Ты проснулся? — глупо спросила я, только для того, чтобы что-то сказать, и машинально принялась массировать ему руку.
Он пристально смотрит на меня. Тепло, ласково, умоляюще.
Как ты себя чувствуешь?
Только взглядом он попытался ответить.
Он никогда не жаловался. Даже глаза его. Они оставались ясными и необычайно добрыми.
Пусть свыкнется с обстановкой, сказала я себе. Я должна говорить, должна дать ему время высвободиться из тяжких оков.
Какие сегодня чудесные горы и как они сверкают под солнцем! Они совсем близко. Хочется протянуть руку и коснуться их. Отчетливо видна каждая впадина и темно-фиолетовые тени ущелий. Удивительно красиво! Как театральные кулисы в глубине сцены. Яркая, веселая декорация…
Он медленно приходил в себя.
Ты знаешь, с трудом произнес он, не хочу умирать, еще рано! Улыбка чуть оживила застывшие черты лица. Широко раскрытые глаза устремлены на меня и готовы меня поглотить.
Ну что ты, я же с тобой, поспешно возразила я. Ведь я здесь для того, чтобы ничего не случилось!
Столько дел, которые я начал… Их надо закончить…
Времени хватит, не беспокойся!
Не знаю, не знаю. У меня голова перестает работать.
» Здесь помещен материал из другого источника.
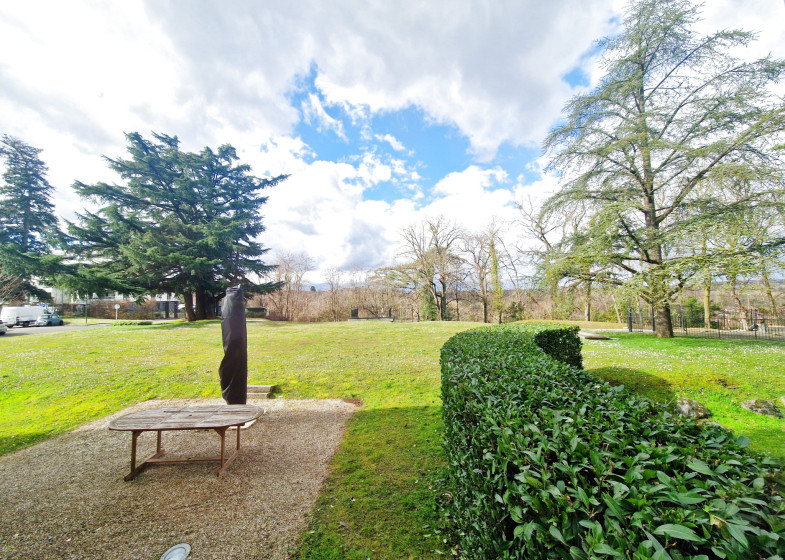 Appartement T5 à vendre à Etrembieres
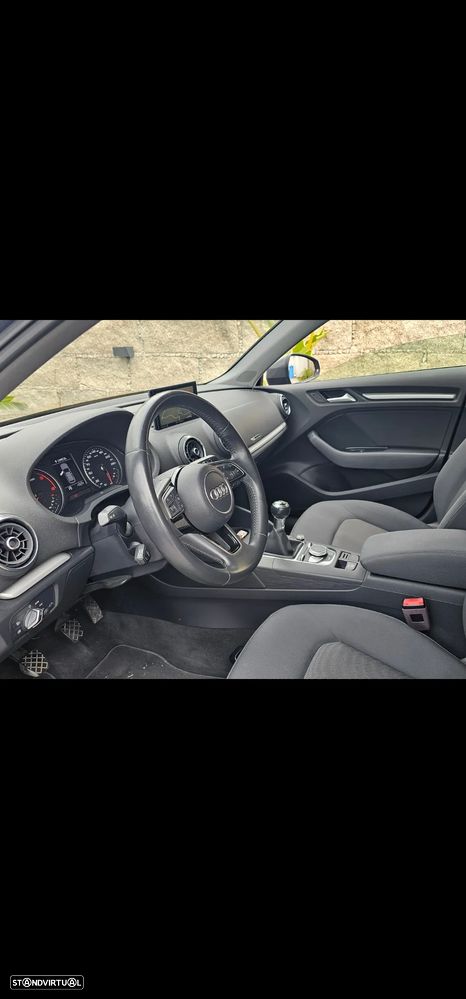 Audi A3 Sportback 1.6 TDI - 1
Веки его дрогнули. То говорят — давай вправо, потом — влево, то одно неверно, то другое… Понимаешь, как сложно! Теперь у меня в голове такая каша, что я не в силах управлять своим телом. Руки вот с трудом поднимаю, не слушаются больше, видишь?
А ты в самом деле хочешь их поднять? Ты пытался? — пошутила я. Сколько раз ты пытался?
Еще ни разу! — улыбнулся он. Я ведь знаю, вышло бы, если б я всерьез попытался. А теперь нет времени, надо ехать, ты забыла? Ты знаешь, мне нужно в Джафну, он забеспокоился, ты разве не заправилась, как я тебя просил?
Ага, значит, мы опять на Цейлоне. Я смотрела, как дрожит его правая рука. Попыталась подложить подушку, но он нервно оттолкнул меня.
Ну, пожалуйста, идем, наконец, мы опоздаем! И надо к Вильсону заглянуть.
Но ведь Вильсона не будет дома, возразила я, пытаясь не оборвать эту тоненькую ниточку.
В самом деле! Тогда поищем его на обратном пути. Или поедем в Велисаро, он должен быть там. Диспансер давно обязаны были открыть, не понимаю, чего они тянут…
И опять мы ехали через джунгли, смотрели на огромных аллигаторов, которые блаженствовали в теплых лужах вдоль шоссе, любовались озорными обезьянами, перелетавшими с ветки на ветку.